#### Exercise data

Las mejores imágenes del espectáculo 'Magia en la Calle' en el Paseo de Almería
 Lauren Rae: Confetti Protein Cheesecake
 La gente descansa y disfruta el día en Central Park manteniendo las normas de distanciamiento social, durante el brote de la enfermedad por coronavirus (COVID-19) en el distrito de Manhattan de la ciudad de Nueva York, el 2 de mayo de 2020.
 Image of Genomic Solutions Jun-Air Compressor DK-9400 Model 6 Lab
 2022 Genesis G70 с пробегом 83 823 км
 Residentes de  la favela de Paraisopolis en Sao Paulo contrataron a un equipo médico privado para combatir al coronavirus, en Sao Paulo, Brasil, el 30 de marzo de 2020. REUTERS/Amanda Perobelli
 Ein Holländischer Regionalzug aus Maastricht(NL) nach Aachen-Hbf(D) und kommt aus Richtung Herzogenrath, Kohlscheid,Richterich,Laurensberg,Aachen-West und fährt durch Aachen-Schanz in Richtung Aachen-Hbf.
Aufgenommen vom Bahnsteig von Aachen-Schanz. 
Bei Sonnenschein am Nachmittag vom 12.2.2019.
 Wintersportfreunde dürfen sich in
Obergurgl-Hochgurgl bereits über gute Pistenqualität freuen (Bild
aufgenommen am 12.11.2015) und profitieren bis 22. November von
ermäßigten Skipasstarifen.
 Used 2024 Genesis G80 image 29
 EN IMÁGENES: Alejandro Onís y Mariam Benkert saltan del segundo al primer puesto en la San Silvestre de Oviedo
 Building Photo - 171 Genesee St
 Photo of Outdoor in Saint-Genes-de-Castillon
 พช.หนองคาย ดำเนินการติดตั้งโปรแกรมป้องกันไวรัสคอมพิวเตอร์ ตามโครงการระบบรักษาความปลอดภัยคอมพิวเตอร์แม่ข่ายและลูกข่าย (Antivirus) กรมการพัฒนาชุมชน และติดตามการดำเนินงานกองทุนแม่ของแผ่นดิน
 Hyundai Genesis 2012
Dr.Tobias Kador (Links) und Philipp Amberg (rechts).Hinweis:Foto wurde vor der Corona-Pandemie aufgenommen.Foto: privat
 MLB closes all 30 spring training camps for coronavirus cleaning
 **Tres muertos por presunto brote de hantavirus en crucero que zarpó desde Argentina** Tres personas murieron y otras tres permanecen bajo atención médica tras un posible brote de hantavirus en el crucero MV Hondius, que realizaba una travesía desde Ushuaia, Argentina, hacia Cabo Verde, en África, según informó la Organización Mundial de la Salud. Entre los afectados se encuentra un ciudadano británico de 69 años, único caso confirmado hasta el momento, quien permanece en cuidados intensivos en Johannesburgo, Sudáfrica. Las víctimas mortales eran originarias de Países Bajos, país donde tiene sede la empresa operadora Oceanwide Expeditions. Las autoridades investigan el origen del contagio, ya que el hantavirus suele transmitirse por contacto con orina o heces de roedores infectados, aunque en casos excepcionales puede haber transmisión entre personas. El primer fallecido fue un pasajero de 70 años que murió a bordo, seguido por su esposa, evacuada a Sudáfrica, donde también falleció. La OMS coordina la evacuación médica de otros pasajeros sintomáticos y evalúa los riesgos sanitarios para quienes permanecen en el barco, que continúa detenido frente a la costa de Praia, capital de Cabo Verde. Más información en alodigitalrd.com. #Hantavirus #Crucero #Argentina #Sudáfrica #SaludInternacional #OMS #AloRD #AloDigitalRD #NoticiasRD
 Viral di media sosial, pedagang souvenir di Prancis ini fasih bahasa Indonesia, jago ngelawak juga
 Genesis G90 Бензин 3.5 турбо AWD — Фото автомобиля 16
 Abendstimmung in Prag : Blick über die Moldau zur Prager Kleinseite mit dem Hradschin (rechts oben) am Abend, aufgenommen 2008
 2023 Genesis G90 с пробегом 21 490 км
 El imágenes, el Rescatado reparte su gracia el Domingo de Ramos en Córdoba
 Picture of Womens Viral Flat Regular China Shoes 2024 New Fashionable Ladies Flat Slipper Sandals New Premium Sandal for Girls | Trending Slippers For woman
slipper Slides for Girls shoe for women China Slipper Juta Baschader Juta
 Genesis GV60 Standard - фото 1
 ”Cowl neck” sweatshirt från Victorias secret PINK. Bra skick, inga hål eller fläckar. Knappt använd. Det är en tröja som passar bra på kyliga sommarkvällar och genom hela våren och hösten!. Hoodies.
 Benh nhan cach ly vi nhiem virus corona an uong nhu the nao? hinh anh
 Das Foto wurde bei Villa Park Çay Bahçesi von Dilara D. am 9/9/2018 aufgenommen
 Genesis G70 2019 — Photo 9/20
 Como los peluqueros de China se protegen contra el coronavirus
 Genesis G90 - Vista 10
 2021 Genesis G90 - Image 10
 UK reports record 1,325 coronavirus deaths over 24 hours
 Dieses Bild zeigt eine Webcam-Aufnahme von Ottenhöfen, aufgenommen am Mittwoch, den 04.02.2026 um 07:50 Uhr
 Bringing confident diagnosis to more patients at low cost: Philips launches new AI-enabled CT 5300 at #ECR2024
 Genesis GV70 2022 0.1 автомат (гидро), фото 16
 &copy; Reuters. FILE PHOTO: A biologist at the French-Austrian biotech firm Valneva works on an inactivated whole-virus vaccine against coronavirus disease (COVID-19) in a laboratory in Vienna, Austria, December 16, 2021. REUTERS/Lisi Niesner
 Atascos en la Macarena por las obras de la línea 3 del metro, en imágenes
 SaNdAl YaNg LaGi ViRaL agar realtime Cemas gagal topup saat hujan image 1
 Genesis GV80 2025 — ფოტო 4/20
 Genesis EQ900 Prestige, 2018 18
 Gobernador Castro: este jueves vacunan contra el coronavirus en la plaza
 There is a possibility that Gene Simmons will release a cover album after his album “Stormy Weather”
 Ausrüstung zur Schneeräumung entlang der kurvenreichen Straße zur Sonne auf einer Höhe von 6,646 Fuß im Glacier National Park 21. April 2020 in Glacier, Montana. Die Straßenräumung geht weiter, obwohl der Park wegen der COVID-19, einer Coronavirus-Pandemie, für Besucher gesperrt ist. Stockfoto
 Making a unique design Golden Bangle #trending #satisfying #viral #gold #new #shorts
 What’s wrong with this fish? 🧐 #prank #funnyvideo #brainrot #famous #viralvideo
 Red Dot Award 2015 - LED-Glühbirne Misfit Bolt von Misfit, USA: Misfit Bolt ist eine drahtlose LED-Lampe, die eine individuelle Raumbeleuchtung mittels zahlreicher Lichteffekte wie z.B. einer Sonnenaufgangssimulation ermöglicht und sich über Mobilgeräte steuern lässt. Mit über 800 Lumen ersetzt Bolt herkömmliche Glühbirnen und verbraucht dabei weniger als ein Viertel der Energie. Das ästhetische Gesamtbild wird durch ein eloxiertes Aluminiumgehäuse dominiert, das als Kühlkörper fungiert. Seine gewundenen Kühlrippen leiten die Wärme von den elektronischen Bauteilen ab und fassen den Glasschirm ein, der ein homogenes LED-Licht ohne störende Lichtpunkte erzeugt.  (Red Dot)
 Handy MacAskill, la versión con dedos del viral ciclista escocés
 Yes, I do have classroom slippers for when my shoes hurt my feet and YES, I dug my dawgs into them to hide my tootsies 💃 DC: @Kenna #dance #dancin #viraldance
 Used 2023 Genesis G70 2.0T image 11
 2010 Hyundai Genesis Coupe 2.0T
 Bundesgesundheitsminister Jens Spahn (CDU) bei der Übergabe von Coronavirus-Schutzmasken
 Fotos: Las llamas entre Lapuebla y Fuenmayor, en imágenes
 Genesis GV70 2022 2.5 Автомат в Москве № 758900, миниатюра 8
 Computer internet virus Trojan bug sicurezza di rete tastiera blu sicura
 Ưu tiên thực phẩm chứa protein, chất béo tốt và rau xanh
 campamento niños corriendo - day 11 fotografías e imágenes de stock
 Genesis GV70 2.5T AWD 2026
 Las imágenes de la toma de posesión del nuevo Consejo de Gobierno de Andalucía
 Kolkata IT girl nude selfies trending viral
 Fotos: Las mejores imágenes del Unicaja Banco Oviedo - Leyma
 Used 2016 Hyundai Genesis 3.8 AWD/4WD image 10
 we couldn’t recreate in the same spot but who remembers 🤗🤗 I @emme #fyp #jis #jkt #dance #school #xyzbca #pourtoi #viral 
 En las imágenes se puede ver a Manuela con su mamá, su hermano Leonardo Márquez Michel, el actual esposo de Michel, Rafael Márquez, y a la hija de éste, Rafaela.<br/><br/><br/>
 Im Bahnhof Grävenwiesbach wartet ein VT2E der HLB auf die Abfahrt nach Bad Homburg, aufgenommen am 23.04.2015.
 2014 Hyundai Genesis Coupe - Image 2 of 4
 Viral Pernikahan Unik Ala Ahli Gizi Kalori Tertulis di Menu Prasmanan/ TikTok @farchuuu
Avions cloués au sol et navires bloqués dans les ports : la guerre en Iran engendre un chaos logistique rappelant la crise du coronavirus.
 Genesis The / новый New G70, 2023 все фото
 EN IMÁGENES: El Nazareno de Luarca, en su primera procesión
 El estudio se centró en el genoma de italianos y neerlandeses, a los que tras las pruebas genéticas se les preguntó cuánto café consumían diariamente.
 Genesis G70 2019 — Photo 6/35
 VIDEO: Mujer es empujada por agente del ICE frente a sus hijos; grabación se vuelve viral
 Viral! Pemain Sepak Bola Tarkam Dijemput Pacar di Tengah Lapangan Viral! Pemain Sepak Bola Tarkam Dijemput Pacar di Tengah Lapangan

########

▶ **What the task asks**:
In the data above, start at the line that has "Atascos en la", stop after the line that has "There is a possibility", and print every line in between exactly as it stands.

▶ **Reply**:
 Atascos en la Macarena por las obras de la línea 3 del metro, en imágenes
 SaNdAl YaNg LaGi ViRaL agar realtime Cemas gagal topup saat hujan image 1
 Genesis GV80 2025 — ფოტო 4/20
 Genesis EQ900 Prestige, 2018 18
 Gobernador Castro: este jueves vacunan contra el coronavirus en la plaza
 There is a possibility that Gene Simmons will release a cover album after his album “Stormy Weather”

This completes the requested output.